Starting out this week with a good post on something I think the devops movement has made more common, or at least more visible; people moving between adjacent engineering roles, whether systems administration to development or to information security. Lots of other posts on large tech company architectures, hindsight applied to Kubernetes and new tools for monitoring and machine learning.
StackHawk sponsors Devops Weekly
Check out how we have built our microservices in Kubernetes here at StackHawk.
A post on moving from systems administration to information security, with good observations of the advantage of being new to a topic and how a variety of skills help when moving to different roles.
Hindsight is an interesting design tool for future systems. This post, from someone ver familiar with its working, looks at what applying hindsight and some opinions to Kubernetes might mean if you build a new container orchestrator.
An interesting post on scaling CI/CD pipelines across development teams, with a focus on self-service.
A breakdown of the recent large AWS outage, based on the public information but with a useful diagram to understand the apparent architecture and a handy list of the proposed plans to avoid similar issues in the future.
Software is always rooted in when it was first written. This post touches on GitHub’s architecture and technology choices and also how, and why, that’s evolving.
Details of scaling datastores, from active/active MySQL clusters to using Vitess.
The Kubernetes API is designed to be extended with new resources. This post looks at a more flexible Deployment resource which supports more fine grained control around rollout and running multiple versions of a service at the same time.

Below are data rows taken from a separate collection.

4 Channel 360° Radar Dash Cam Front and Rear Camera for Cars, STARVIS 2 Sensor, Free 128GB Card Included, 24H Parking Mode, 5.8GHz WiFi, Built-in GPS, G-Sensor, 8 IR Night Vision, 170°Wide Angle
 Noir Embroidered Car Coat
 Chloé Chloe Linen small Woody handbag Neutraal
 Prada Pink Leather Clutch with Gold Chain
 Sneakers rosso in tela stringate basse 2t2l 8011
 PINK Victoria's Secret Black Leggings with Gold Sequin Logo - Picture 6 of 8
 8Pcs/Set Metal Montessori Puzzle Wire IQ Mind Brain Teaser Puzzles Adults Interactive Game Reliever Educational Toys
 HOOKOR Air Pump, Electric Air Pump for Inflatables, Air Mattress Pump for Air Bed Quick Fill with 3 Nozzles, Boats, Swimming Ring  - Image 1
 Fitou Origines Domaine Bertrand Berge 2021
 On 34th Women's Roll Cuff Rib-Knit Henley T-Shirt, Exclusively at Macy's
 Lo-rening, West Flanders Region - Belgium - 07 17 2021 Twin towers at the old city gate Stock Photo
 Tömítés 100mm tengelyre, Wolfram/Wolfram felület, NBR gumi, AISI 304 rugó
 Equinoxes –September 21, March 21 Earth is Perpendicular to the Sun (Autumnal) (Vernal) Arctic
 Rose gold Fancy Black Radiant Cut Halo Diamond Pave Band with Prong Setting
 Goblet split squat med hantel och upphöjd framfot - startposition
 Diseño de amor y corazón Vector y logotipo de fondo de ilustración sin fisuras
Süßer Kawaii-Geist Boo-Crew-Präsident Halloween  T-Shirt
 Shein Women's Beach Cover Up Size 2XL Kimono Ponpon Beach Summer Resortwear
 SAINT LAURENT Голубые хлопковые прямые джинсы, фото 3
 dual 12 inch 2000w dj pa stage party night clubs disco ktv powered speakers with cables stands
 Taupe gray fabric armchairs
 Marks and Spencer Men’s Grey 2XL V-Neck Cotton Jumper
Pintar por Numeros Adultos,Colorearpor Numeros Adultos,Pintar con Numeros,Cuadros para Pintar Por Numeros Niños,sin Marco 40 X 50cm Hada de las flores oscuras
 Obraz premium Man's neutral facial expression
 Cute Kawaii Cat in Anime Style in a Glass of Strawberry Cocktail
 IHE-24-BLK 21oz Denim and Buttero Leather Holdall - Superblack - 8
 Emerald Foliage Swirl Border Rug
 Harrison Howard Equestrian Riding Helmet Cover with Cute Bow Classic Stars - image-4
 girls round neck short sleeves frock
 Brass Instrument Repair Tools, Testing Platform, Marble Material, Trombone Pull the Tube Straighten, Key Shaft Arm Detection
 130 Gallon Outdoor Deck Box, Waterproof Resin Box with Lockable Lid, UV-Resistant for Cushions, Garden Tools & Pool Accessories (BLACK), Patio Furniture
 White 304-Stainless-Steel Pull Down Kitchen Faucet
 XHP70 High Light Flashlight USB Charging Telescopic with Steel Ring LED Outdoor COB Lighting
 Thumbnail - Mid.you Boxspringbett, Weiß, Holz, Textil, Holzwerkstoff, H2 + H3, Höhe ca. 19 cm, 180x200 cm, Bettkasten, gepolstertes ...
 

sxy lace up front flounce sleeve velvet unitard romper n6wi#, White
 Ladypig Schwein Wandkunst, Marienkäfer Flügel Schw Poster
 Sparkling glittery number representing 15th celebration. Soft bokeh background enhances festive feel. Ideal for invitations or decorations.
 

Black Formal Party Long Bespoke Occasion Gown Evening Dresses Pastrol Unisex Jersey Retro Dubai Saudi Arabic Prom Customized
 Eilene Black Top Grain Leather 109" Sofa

Opstrace is a new horizontally-scalable metrics and logs platform, optimised for installation on cloud platforms. It exposes a prometheus-compatible API, as well as working with a variety of agents like those from Fluentd and Datadog.
Replicate is a new tool that aims to solve version control problems for machine learning. It’s a python library that allows for snapshots to be saved in S3 or Google Cloud Storage and tools for retrieving and reusing those versions.
Nydus is a set of tools that aims to improve over the current OCI image specification in terms of container launching speed, image space and network bandwidth efficiency. The tutorial is a nice way of understanding how it works.